**DATASET SECTION**
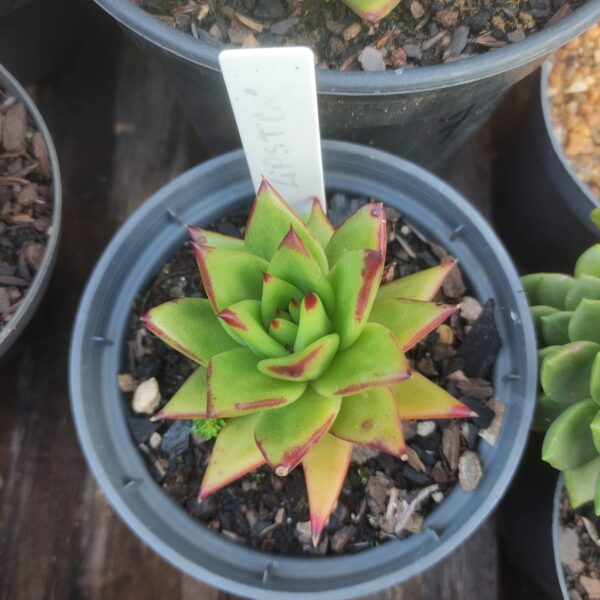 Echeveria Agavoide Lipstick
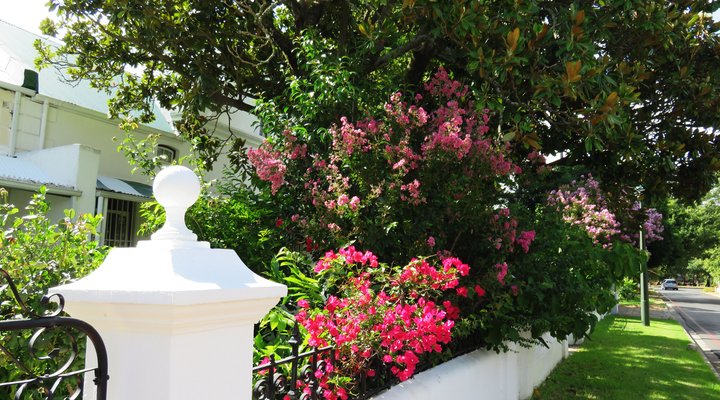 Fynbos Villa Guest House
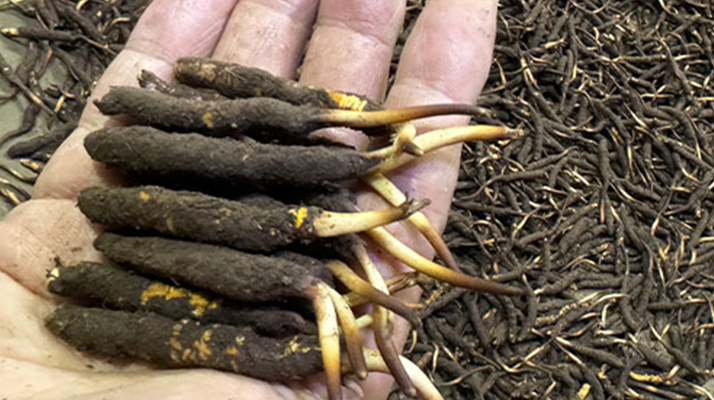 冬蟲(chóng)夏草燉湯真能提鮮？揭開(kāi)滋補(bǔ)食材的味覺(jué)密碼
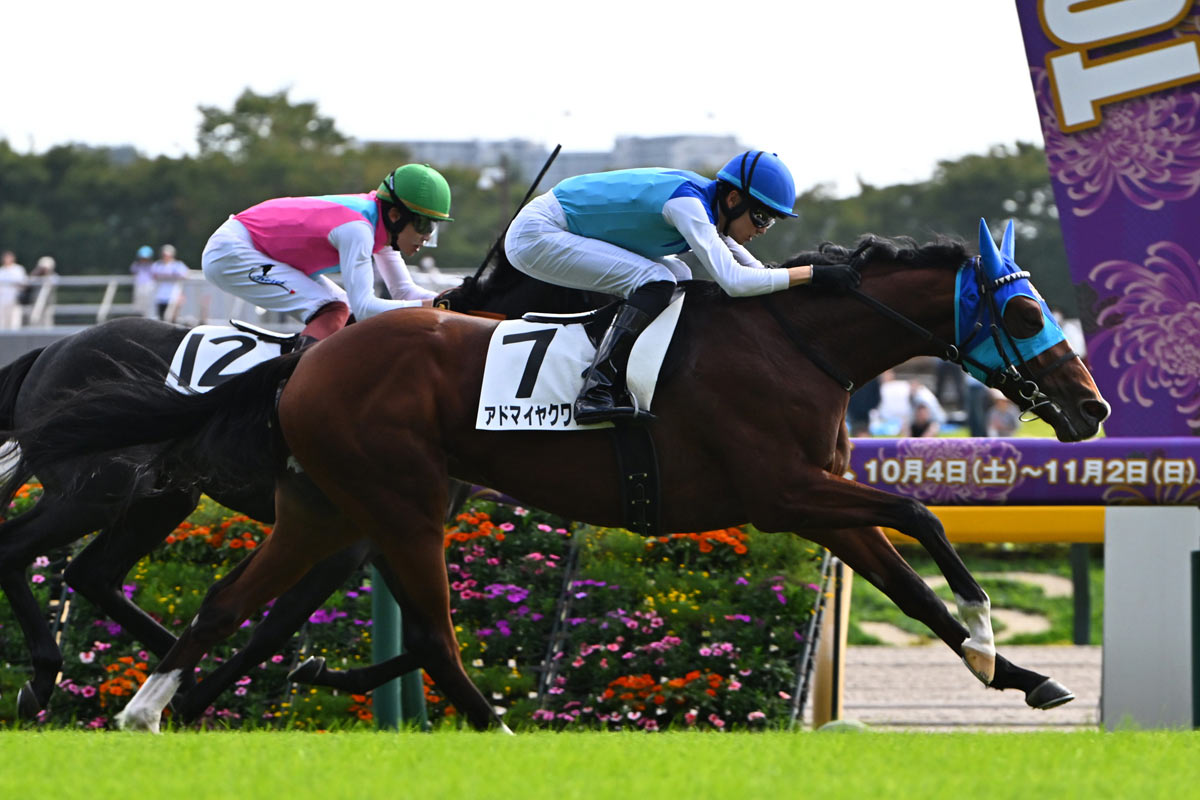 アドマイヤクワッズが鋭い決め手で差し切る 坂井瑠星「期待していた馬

**ASSIGNED TASK**
Each of the lines above should be transcribed exactly; no image is to be copied.

**RESPONSE BOX**
 Echeveria Agavoide Lipstick
 Fynbos Villa Guest House
 冬蟲(chóng)夏草燉湯真能提鮮？揭開(kāi)滋補(bǔ)食材的味覺(jué)密碼
 アドマイヤクワッズが鋭い決め手で差し切る 坂井瑠星「期待していた馬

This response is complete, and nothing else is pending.